Exercise description
Retype, exactly as written, every line from the one containing "Atardecer naranja en la playa" through the last line of the records below, both included; skip the pictures.

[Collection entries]
◇ ◇ ◇

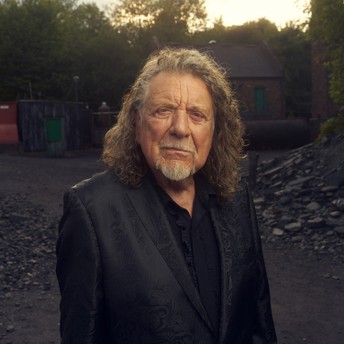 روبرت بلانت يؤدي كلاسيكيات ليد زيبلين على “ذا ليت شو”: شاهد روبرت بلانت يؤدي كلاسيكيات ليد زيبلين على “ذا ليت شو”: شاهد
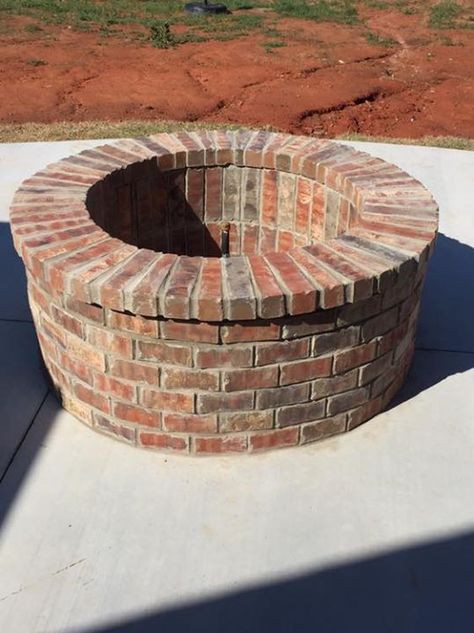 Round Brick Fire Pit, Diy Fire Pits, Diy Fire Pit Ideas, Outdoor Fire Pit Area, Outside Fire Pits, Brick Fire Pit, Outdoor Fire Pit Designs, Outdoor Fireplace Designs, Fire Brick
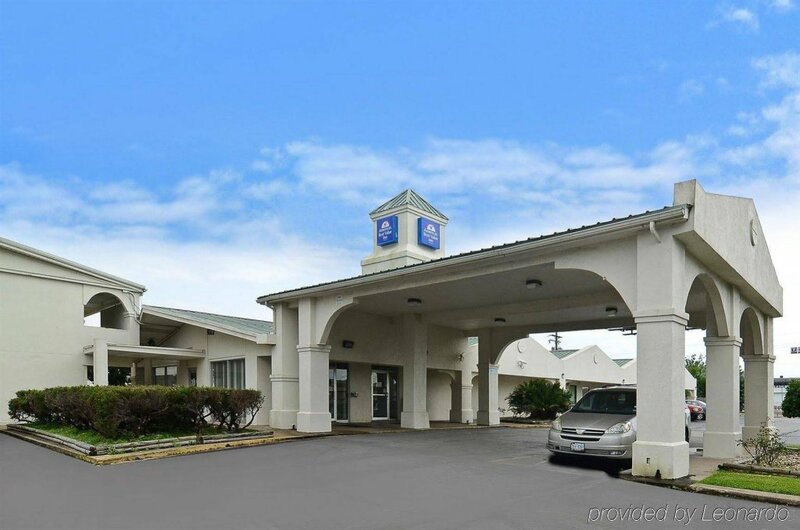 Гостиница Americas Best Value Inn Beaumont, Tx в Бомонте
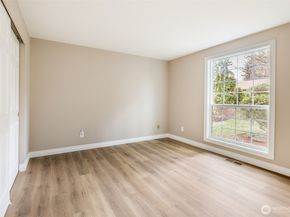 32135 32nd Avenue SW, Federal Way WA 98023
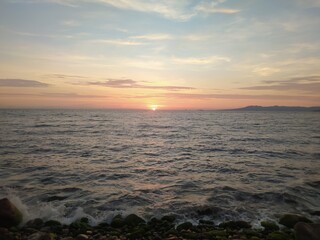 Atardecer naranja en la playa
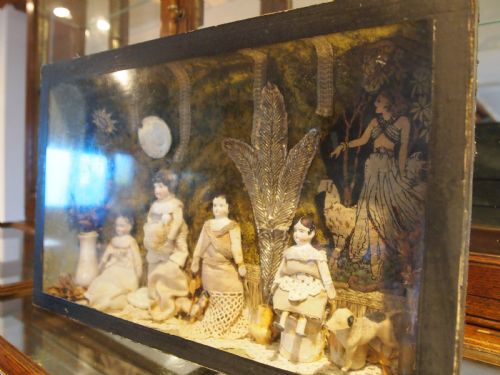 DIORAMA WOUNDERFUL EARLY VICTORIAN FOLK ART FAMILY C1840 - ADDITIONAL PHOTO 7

◇ ◇ ◇

Response area
 Atardecer naranja en la playa
 DIORAMA WOUNDERFUL EARLY VICTORIAN FOLK ART FAMILY C1840 - ADDITIONAL PHOTO 7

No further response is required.